Each record needs to be transcribed exactly.
BEGIN EXTRACTED ENTRIES
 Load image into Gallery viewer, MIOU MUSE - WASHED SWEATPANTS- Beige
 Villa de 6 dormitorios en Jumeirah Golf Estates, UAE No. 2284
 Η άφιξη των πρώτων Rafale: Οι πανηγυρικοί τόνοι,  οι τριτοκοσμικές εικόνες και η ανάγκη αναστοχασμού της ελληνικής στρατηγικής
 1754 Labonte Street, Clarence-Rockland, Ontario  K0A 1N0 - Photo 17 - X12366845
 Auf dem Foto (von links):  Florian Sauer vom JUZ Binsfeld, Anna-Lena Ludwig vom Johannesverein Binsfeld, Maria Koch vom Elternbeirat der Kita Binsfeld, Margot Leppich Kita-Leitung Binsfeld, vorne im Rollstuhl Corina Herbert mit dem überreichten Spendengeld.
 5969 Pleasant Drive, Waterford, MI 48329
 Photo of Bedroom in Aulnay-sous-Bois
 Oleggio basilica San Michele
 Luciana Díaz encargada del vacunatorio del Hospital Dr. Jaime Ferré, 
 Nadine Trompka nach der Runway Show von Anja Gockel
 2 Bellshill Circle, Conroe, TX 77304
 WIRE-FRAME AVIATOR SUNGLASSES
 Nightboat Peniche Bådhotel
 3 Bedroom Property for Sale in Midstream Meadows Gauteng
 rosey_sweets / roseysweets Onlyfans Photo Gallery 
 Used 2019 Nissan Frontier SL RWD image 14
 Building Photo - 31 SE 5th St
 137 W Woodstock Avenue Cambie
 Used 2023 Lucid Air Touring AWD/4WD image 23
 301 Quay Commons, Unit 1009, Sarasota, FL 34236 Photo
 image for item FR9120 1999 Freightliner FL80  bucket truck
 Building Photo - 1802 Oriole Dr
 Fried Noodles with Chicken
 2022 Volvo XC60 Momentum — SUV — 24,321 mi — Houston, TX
END EXTRACTED ENTRIES
OUTPUT:
 Load image into Gallery viewer, MIOU MUSE - WASHED SWEATPANTS- Beige
 Villa de 6 dormitorios en Jumeirah Golf Estates, UAE No. 2284
 Η άφιξη των πρώτων Rafale: Οι πανηγυρικοί τόνοι,  οι τριτοκοσμικές εικόνες και η ανάγκη αναστοχασμού της ελληνικής στρατηγικής
 1754 Labonte Street, Clarence-Rockland, Ontario  K0A 1N0 - Photo 17 - X12366845
 Auf dem Foto (von links):  Florian Sauer vom JUZ Binsfeld, Anna-Lena Ludwig vom Johannesverein Binsfeld, Maria Koch vom Elternbeirat der Kita Binsfeld, Margot Leppich Kita-Leitung Binsfeld, vorne im Rollstuhl Corina Herbert mit dem überreichten Spendengeld.
 5969 Pleasant Drive, Waterford, MI 48329
 Photo of Bedroom in Aulnay-sous-Bois
 Oleggio basilica San Michele
 Luciana Díaz encargada del vacunatorio del Hospital Dr. Jaime Ferré, 
 Nadine Trompka nach der Runway Show von Anja Gockel
 2 Bellshill Circle, Conroe, TX 77304
 WIRE-FRAME AVIATOR SUNGLASSES
 Nightboat Peniche Bådhotel
 3 Bedroom Property for Sale in Midstream Meadows Gauteng
 rosey_sweets / roseysweets Onlyfans Photo Gallery 
 Used 2019 Nissan Frontier SL RWD image 14
 Building Photo - 31 SE 5th St
 137 W Woodstock Avenue Cambie
 Used 2023 Lucid Air Touring AWD/4WD image 23
 301 Quay Commons, Unit 1009, Sarasota, FL 34236 Photo
 image for item FR9120 1999 Freightliner FL80  bucket truck
 Building Photo - 1802 Oriole Dr
 Fried Noodles with Chicken
 2022 Volvo XC60 Momentum — SUV — 24,321 mi — Houston, TX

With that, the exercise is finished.